● **Records to use**
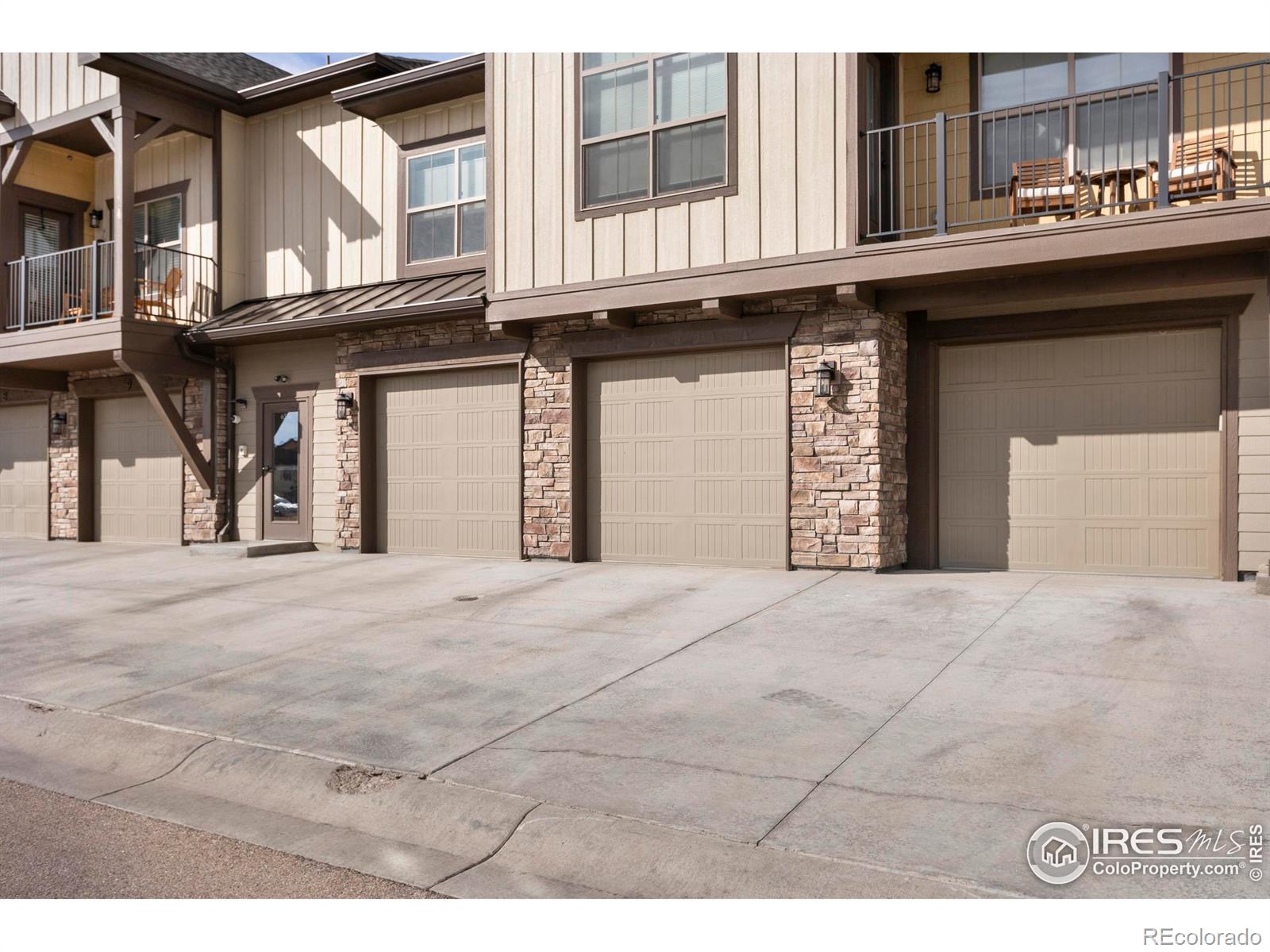 MLS Image #28 for 6556  crystal downs drive,windsor, Colorado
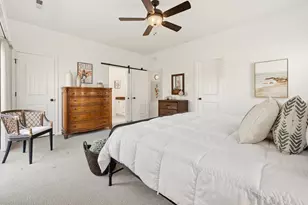 72 Weatherboard Court, Pawleys Island, SC 29585 - Photo 13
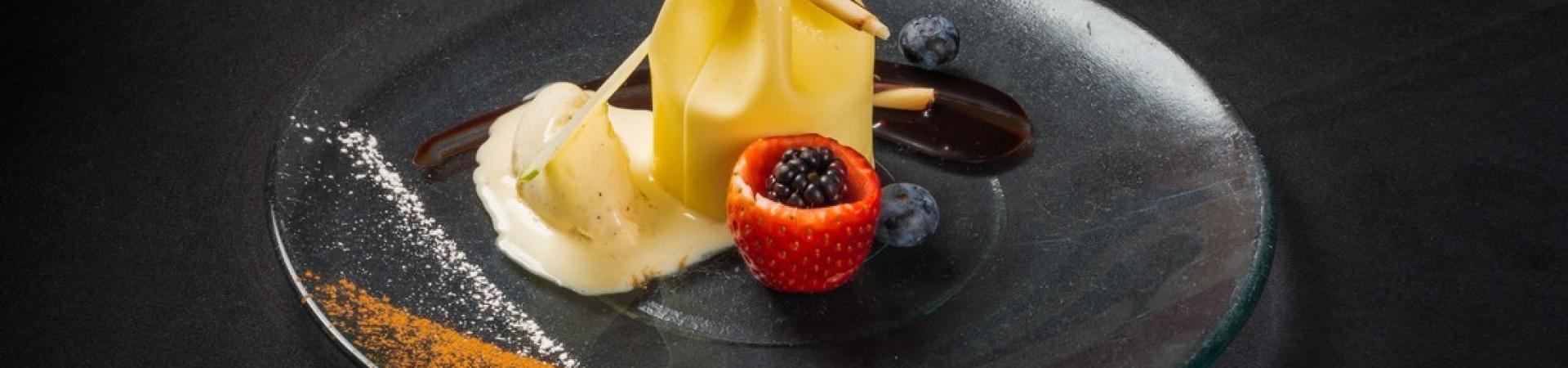 parador_de_segovia_37_gastro_helado.jpg parador_de_segovia_37_gastro_helado.jpg
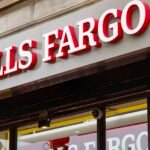 Wells Fargo’s comeback is just getting started. Here’s why I’m buying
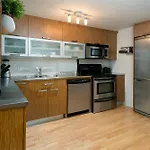Grand 1Br In Old Montreal By Sonder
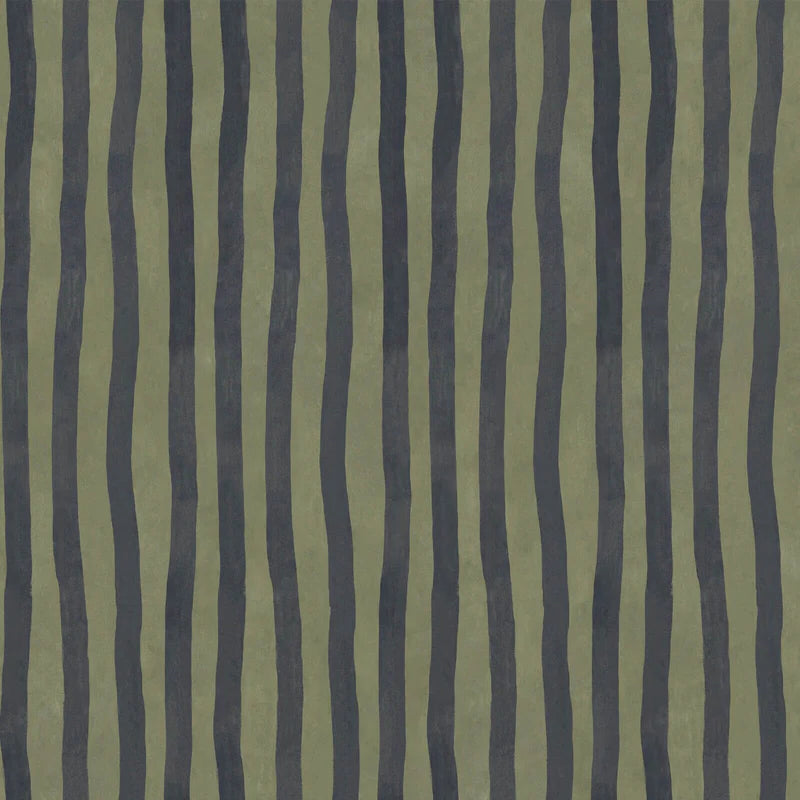 Artist's Stripe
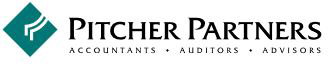 Pitcher Partners Perth City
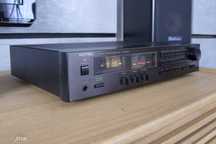 Rotel RX-940AX amplituner stereo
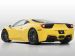 Ferrari Vorsteiner 458 Italia 2013 Picture #23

● **Task to carry out**
Copy out the preceding entries without a single change, leaving out the pictures.

● **Solution for this exercise**
 MLS Image #28 for 6556  crystal downs drive,windsor, Colorado
 72 Weatherboard Court, Pawleys Island, SC 29585 - Photo 13
 parador_de_segovia_37_gastro_helado.jpg parador_de_segovia_37_gastro_helado.jpg
 Wells Fargo’s comeback is just getting started. Here’s why I’m buying
Grand 1Br In Old Montreal By Sonder
 Artist's Stripe
 Pitcher Partners Perth City
 Rotel RX-940AX amplituner stereo
 Ferrari Vorsteiner 458 Italia 2013 Picture #23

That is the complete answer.